C. rothii roots showed significant antimicrobial and antioxidant potential. Thirty-two out of 45 phytoconstituents identified through GC-MS studies are here reported for the first time. These fractions were evaluated in mixture, therefore, it is suggested that these activities could be due to the synergistic effect of the components identified. Further, inhibitory effects against a broad range of bacterial strains reveal the diversified antimicrobial potential of the plant due to the extraction of secondary metabolites of varying nature, in different organic solvents.

Compounds 9 (Shigeharu et al. 2006), 13 (Agoramoorthy et al. 2007), 26 (Yadav et al. 2014) and 21 (Benslimane et al. 1988) being antimicrobial agents may be the potential contributors of fraction KA-C. Similarly 13 and 18 (Agoramoorthy et al. 2007), 21 (Benslimane et al. 1988), 26 (Yadav et al. 2014), 41 (Agoramoorthy et al. 2007) and 42 (Zheng et al. 2012), reported as antimicrobial agents may be responsible for the significant antimicrobial potential of fraction KM-C.

The most active antibacterial fractions (KA-C and KM-C), exhibited little or no antioxidant activity while fractions exhibiting significant antioxidant activity; KA-A, KA-M, KM and KM-A did not exhibit antibacterial activity.
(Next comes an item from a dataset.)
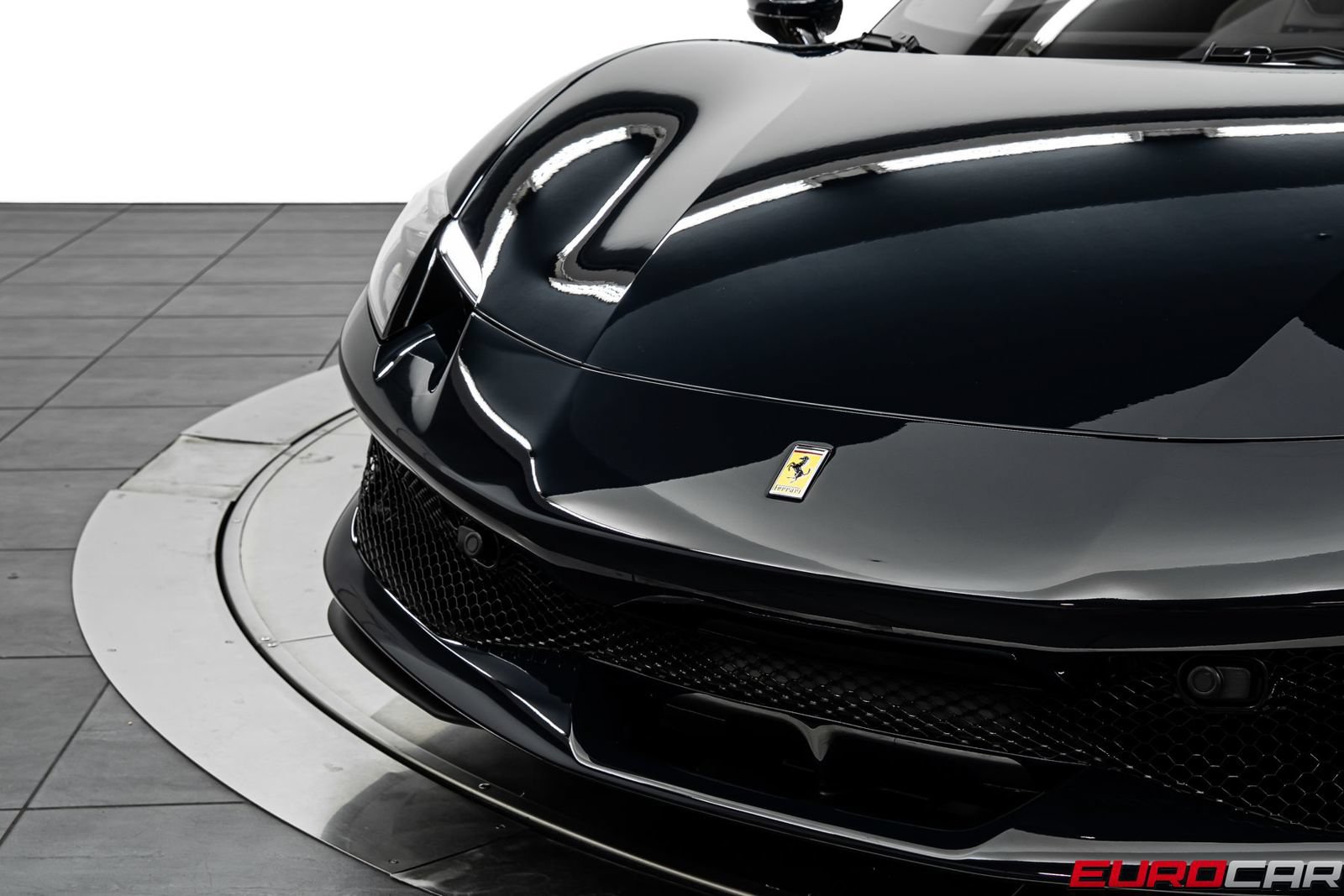 Used 2023 Ferrari 296 GTB RWD image 12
Fractions exhibiting good antioxidant activity KEA-PE, KM-PE, KM-M, showed variable activity against Gram-positive and Gram-negative bacteria tested and fractions exhibiting good antibacterial activity (KA-PE and KM-EA) showed little or no antioxidant activity at all (Table 1–3).

Polar fractions (KA-PE, KA-C, KA-A, KM, KM-PE, KM-C, KM-A and KM-M) having varying classes of natural products with different polar functionalities were found to be more active, which is in accordance with various earlier reports. However, reports where chloroform extract was proved to be more active than methanol extract are also available. Further studies on identification and characterization of natural constituents from the bioactive fractions are in progress. These may lead to unveil templates for bioactive lead compounds.

Disclosure statement

The authors report no conflicts of interest. The authors alone are responsible for the content and writing of this article.